[Short web captions]
━━━━
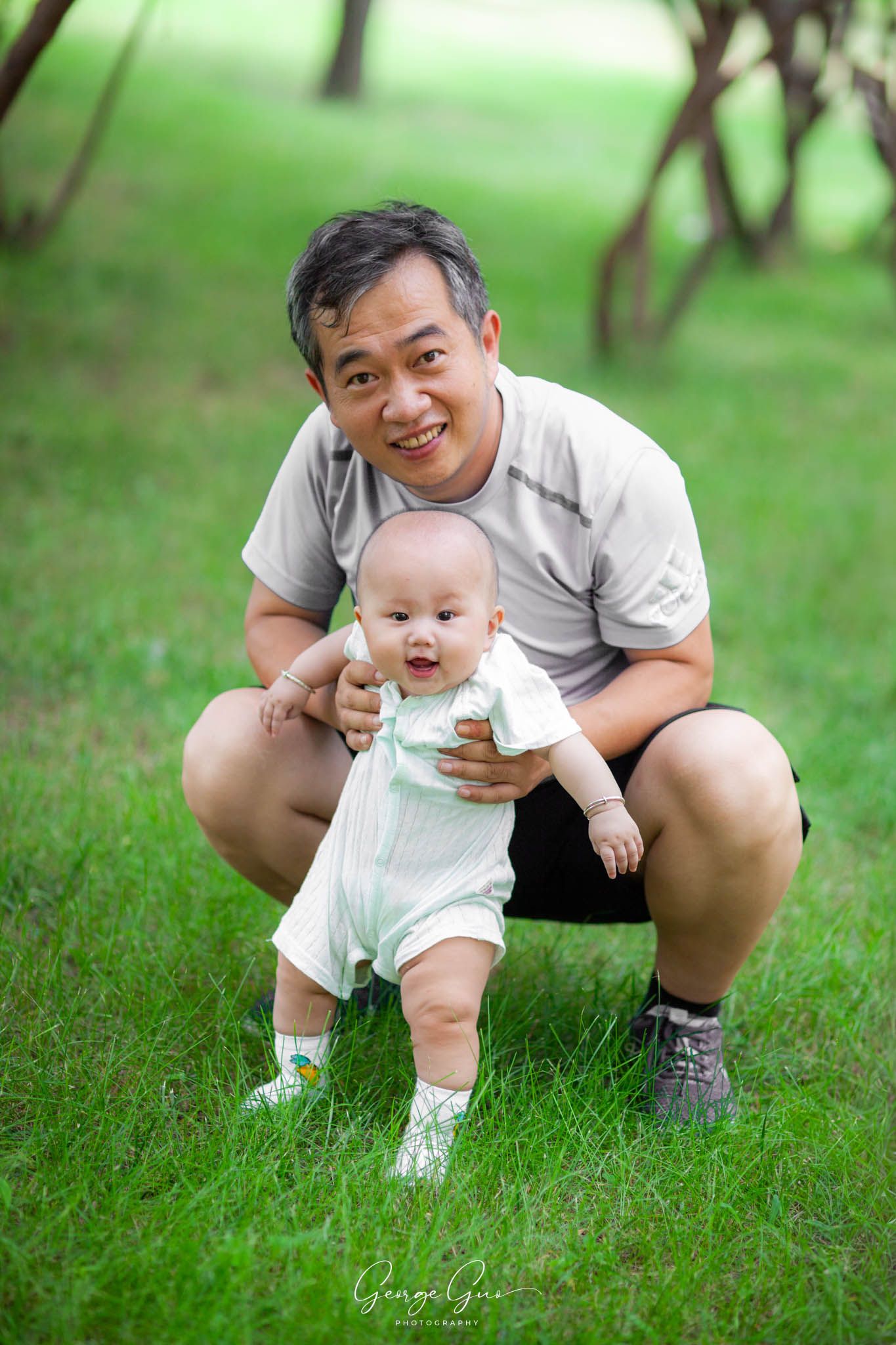 Father playing with his infant child on a green lawn in summer, captured by George Guo Photographer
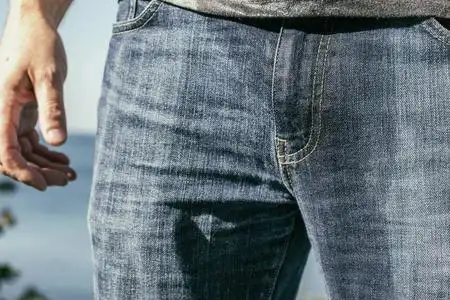 背面的男人小便站一个穿着湿牛仔裤的男人站在海滩上照片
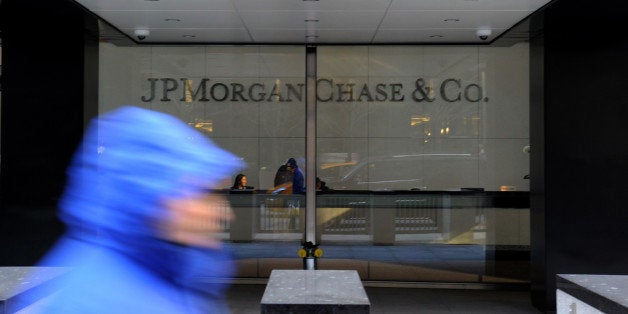 A pedestrian passes by JPMorgan Chase & Co. offices in New York, U.S., on Tuesday, Jan. 7, 2014. JPMorgan Chase & Co. agreed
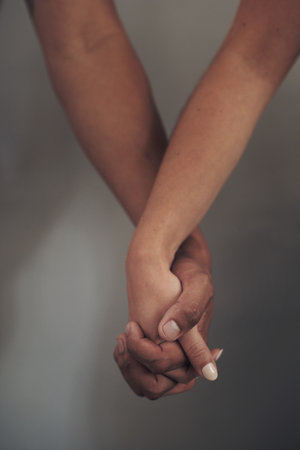 Were each others source of support. an unrecognizable couple standing together against a grey wall indoors and holding hands.の写真素材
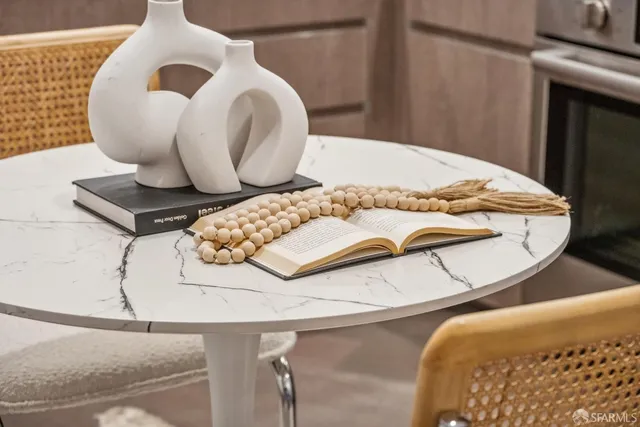 a kitchen with a sink a stove and cabinets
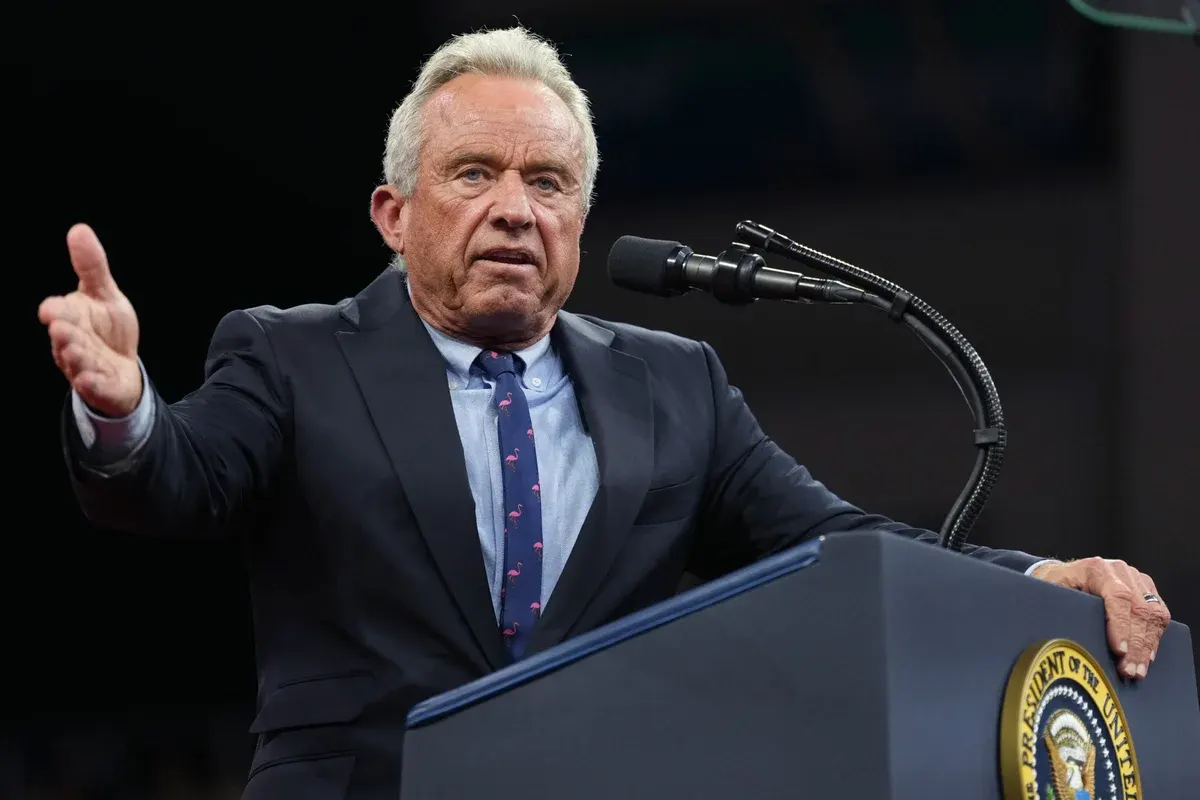 Older man in dark suit gesturing while speaking at a podium with presidential seal.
━━━━
→ **TO DO**: Starting at the line that contains "a kitchen with a sink a stove and cabinets", transcribe each line through the last one of the entries above, exactly and without pictures.

→ **SOLUTION TO THE EXERCISE**:
 a kitchen with a sink a stove and cabinets
 Older man in dark suit gesturing while speaking at a podium with presidential seal.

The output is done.